At the same time, we found that poor-quality data can worsen inequalities. Data that is incomplete, outdated or inaccurate can result in the underrepresentation of vulnerable groups because they may not have access to the technology used to collect the data. Also, government data collection might lead to oversurveillance of vulnerable communities. Consequently, some people may choose to avoid contributing data to government institutions.
To foster inclusive practices, government practitioners could work with citizens to develop inclusive data collection protocols.
Storage
Data storage refers to where and how data is stored by the government, such as in databases or cloud data storage services. We found that government decisions about access to stored data and data ownership might lead to administrative exclusion, meaning unintentionally restricting citizen access to benefits and services. For example, administrative registration errors in applications for services and the difficulty citizens experience when they attempt to correct errors in stored data can lead to differences in how governments treat them and even a loss of public services.
We also found that personal data might be stored with cloud vendors in data warehouses outside the influence of the government organizations that initially created and collected the data. While governments are typically required to follow rigorous data collection practices, data storage companies do not necessarily need to comply with the same standards.
To overcome this problem, governments can set transparency and accountability requirements for data storage that foster inclusion.
Analysis
One important way governments analyze data to extract information is by using algorithms. For example, predictive policing uses algorithms to predict where crime will occur.
A key question is who is conducting the analysis. Those who might be providing data, such as citizens or civil society organizations, are less likely to analyze the data. Citizens may not have the skills, expertise or the tools to do so. Often, external experts conduct the analysis, and they might be unaware of the historical context, culture and local conditions of the data. In that way, data may also construct and reinforce inequalities.

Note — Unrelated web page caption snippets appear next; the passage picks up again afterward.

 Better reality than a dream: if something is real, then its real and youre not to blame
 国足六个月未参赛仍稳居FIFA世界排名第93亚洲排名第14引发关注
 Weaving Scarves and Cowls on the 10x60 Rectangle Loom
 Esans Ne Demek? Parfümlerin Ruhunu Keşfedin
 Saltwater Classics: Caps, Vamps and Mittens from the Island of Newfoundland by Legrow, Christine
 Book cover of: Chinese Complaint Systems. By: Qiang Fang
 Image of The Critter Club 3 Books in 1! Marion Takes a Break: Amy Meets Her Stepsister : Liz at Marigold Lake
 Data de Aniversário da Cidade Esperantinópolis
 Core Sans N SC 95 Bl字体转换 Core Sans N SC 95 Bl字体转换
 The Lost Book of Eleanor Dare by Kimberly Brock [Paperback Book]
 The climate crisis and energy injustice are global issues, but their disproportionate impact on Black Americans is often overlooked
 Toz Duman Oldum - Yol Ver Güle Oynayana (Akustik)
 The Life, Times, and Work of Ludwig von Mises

To foster inclusion, governments could diversify and increase the training of the teams who perform the analyses and write the algorithms so that they can interpret data within its larger historical and political context.
Using the data
Finally, governments are using the results of data analysis to inform public service provision. For example, data-driven visualizations, such as maps, might be used to make decisions about where to direct police officers. However, this might also lead to disproportionate surveillance of different groups.
Another issue is “function creep.” Data might be collected for one purpose but is often eventually used for other purposes or by other government agencies, possibly leading to misuse of data and the reproduction of inequalities.

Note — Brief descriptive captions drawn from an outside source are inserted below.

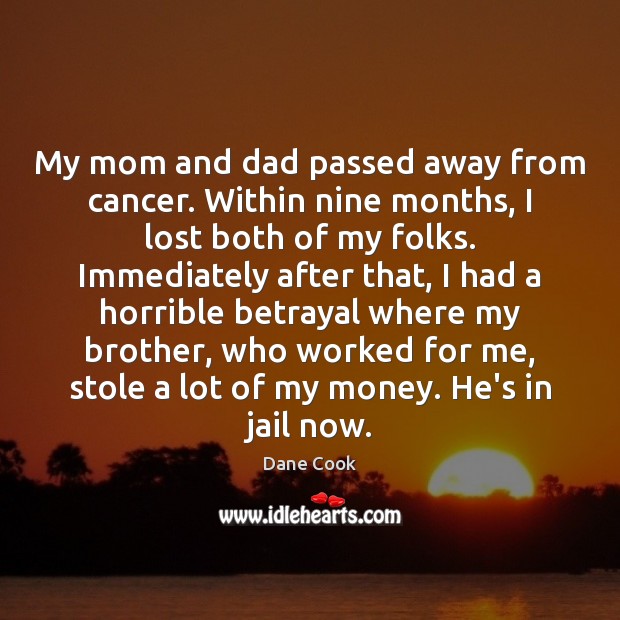 My mom and dad passed away from cancer. Within nine months, I Dane Cook Picture Quote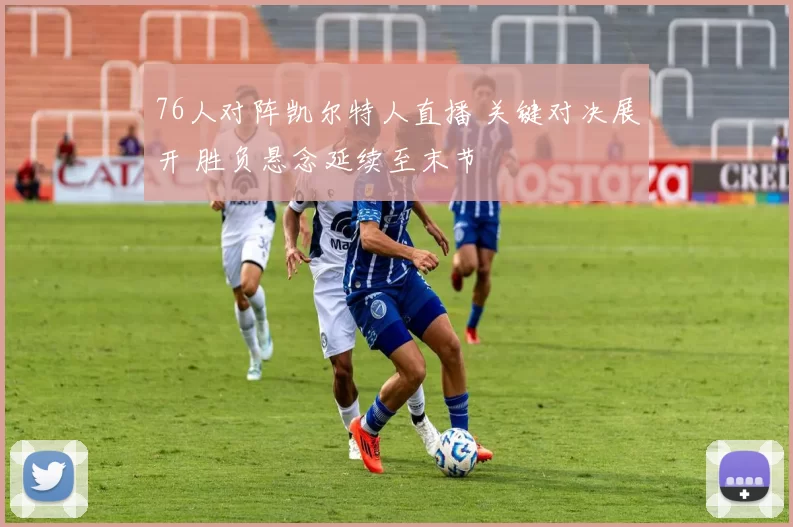 76人对阵凯尔特人直播 关键对决展开 胜负悬念延续至末节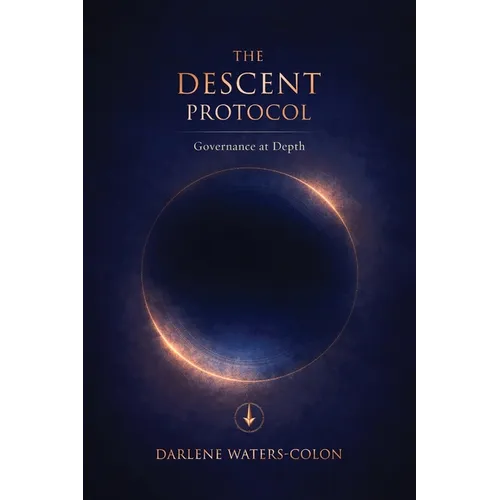 The Descent Protocol - Hardcover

Digital literacy programs for both government professionals and the public can facilitate a better understanding of how data is visualized and used.

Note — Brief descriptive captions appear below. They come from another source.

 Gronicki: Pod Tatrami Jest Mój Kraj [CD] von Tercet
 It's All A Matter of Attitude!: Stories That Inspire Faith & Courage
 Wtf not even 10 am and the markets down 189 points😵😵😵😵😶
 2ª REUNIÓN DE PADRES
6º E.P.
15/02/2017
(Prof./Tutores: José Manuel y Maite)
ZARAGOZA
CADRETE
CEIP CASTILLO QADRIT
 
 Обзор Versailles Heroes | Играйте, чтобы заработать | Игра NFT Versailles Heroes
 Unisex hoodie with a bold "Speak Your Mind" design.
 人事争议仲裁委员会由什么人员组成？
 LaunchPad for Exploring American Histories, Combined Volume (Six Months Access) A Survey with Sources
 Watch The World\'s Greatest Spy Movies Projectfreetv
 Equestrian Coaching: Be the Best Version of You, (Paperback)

Building inclusion into the process
It is important to highlight that these activities – collection, storage, analysis and use – are linked. Inequalities in the early stages may eventually lead to inequitable outcomes in the form of policies, decisions and services.
Additionally, we found a conundrum: On the one hand, the invisibility of vulnerable groups in data collection can result in inequalities. Therefore, different groups should be included in the activities of the data process. On the other hand, this can also be problematic because digital footprints can lead to oversurveillance of the same groups.
Reconciling these conflicting concerns requires an ethical reflection: pausing before embracing data and reflecting on its purpose, limitations and long-term implications for inclusion.
The four activities are a repeated rather than linear process in which governments, citizens and third parties embrace inclusive data strategies. This means looking at what was created, including diverse voices and understanding the analysis, results and consequences of decisions. And it means consistently changing aspects of the process that do not foster inclusion.